Overall U.S. investor optimism has surged back up to the February 2011 level with a significant jump from September, according to a survey from Wells Fargo and Gallup. Seventy-two percent say they are either better off (40%) or no worse off (32%) than they were nearly four years ago, before the last presidential election, while 27% say they are worse off financially.
Two-thirds of investors say there is “plenty” of opportunity in the United States today to “get ahead” versus one third who say “not much opportunity.” Seventy-one percent of all investors say they are “better off” than their parents were at the same age. The average age of retirees surveyed is 68 and that of non-retirees is 45.
Despite their optimism, a majority of investors, 58%, say they have “little” to “no” control over their ability to build retirement savings, down from 65% six months ago.
“It’s great to see Americans feeling positive, but it is combined with a sense that saving for retirement is not in their control,” says John Papadopulos, head of Wells Fargo Retirement. “We don’t want that to become a self-fulfilling prophecy because retirement preparation is, ultimately, their responsibility, and we want people to embrace this mindset.”
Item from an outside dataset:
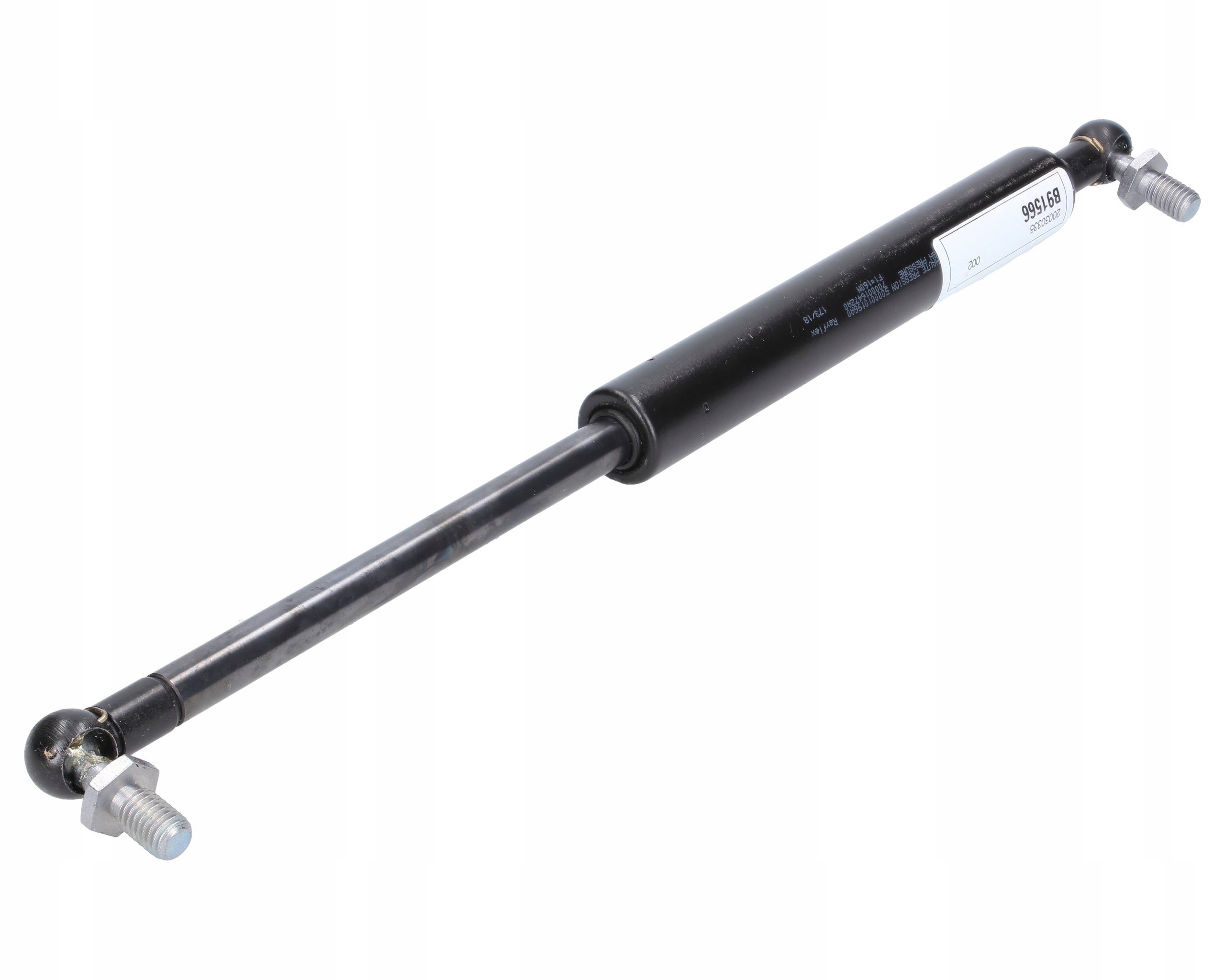 servopohon plynový tlumič A=315 B=150 F=160N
Investors point to a “politically divided federal government” as the most important factor “affecting” the U.S. investment climate right now, with three in four saying it is “hurting a lot.” A year ago, divided government ranked much lower, 51%, behind such concerns as the deficit (71%), unemployment (71%), and energy prices (60%).
In general, 34% of investors say they have been saving and investing more money than they did prior to the recession in 2008, while 31% say they have been saving less money and 34% say the same amount of money. Of those saving and investing more, 85% say this is part of a new normal saving and investing pattern. In contrast, just 12% say it is a temporary change.
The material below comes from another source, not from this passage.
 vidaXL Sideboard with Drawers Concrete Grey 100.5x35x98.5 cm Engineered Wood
There was also optimism around increased income. Almost half of investors expect their income to increase over the next 12 months. About half (52%) say they will use the added income to increase their savings and investments; 36% will use it to reduce debt and 11% will use it to maintain their spending.
While the poll results suggest younger Americans see retirement saving as the individual’s responsibility, few have created written retirement plans. Three out of ten of the non-retired respondents and just over a third (38%) of those retired said they have a “written” plan for retirement.
Also similar to the May and September 2011 results, the February 2012 poll found significant differences between how today’s retired Americans are funding their retirements and how those yet to retire expect to do so. Today’s retirees are more likely to depend on employer-sponsored pensions and
Social Security, while future retirees expect to rely on their own savings with seven in 10 of the non-retired said their 401(k) will be a major source of retirement funding for them, compared to 33% of the retired.